This recently recorded presentation details all the steps and requirements needed for successful research allocation requests. Topics covered include Computation Methodologies, Justification for SUs requested and many others.

XSEDE offers an array of computing resources including both HPC and high throughput (data intensive) machines. We also offer visualization resources and XSEDE has the expertise to help you set up tiled clusters. Please peruse the resource user guides to obtain specific system information. If you already have an allocation, then skip to step 5 to start using XSEDE.

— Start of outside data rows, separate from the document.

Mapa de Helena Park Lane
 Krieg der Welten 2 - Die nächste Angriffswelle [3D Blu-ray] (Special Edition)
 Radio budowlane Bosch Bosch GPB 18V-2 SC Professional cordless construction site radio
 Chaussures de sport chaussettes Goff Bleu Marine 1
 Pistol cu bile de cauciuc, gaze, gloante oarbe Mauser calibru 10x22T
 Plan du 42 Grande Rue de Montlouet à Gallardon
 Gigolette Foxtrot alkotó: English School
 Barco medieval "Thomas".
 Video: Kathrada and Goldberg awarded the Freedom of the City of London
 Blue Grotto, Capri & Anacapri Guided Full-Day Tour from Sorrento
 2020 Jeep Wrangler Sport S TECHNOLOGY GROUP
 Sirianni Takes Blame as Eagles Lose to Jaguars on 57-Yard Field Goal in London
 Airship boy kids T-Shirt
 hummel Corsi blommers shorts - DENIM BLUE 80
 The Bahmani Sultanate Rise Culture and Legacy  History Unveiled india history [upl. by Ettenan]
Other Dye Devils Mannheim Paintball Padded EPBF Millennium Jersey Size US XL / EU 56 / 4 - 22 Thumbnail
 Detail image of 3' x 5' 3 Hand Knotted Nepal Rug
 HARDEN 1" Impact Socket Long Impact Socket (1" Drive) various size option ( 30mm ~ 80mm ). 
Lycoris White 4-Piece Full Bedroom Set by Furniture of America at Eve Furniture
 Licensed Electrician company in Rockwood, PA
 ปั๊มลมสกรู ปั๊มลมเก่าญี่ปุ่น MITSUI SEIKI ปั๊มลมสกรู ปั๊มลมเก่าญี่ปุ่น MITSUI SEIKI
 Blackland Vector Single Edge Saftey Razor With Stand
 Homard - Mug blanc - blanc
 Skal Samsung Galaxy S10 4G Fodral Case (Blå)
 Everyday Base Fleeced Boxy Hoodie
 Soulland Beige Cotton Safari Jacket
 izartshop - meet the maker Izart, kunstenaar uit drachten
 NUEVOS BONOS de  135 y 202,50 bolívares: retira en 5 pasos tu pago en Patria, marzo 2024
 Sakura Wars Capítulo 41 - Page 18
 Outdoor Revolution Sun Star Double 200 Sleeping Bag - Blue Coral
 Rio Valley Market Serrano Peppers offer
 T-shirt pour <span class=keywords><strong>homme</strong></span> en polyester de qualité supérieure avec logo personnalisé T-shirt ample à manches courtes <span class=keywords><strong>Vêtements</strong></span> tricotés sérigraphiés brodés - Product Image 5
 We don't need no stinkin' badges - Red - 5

Some documentation and preliminary questions to help determine which resource is for you:

How does your software/code function? Serial or parallel? How well does it scale? Are there specific hardware, OS or memory architecture requirements?

Read the XSEDE user guides - learn more about our XSEDE resources

View the XSEDE Software Search - What software do you need? Check to see if it's already installed on an XSEDE system using our Software Search

What are your typical job characteristics? Running time? Total number of jobs? Disk space required for I/O?

We realize selecting the optimum resource can be daunting. We are here to help! Submit a ticket to the XSEDE help desk to ask for help selecting which resource(s) to use for best performance.

Writing and Submitting a Successful XSEDE Proposal
Recorded: April 5, 2022
Run time: 1 hour 29 minutes

Login to your Allocated Resources

Once an allocation has been granted, user accounts are usually created within 24 hours on the allocated resource. Users may login to their accounts in one of two ways: The XSEDE Single Sign On Hub allows access to all your allocated resources using just your XUP username and password created in Step 2. while direct access via SSH requires a resource-specific password. Both methods require an SSH client. Linux and Unix users may use the built-in Unix ssh command. Windows users may download one of many SSH clients, free ones include "PuTTY".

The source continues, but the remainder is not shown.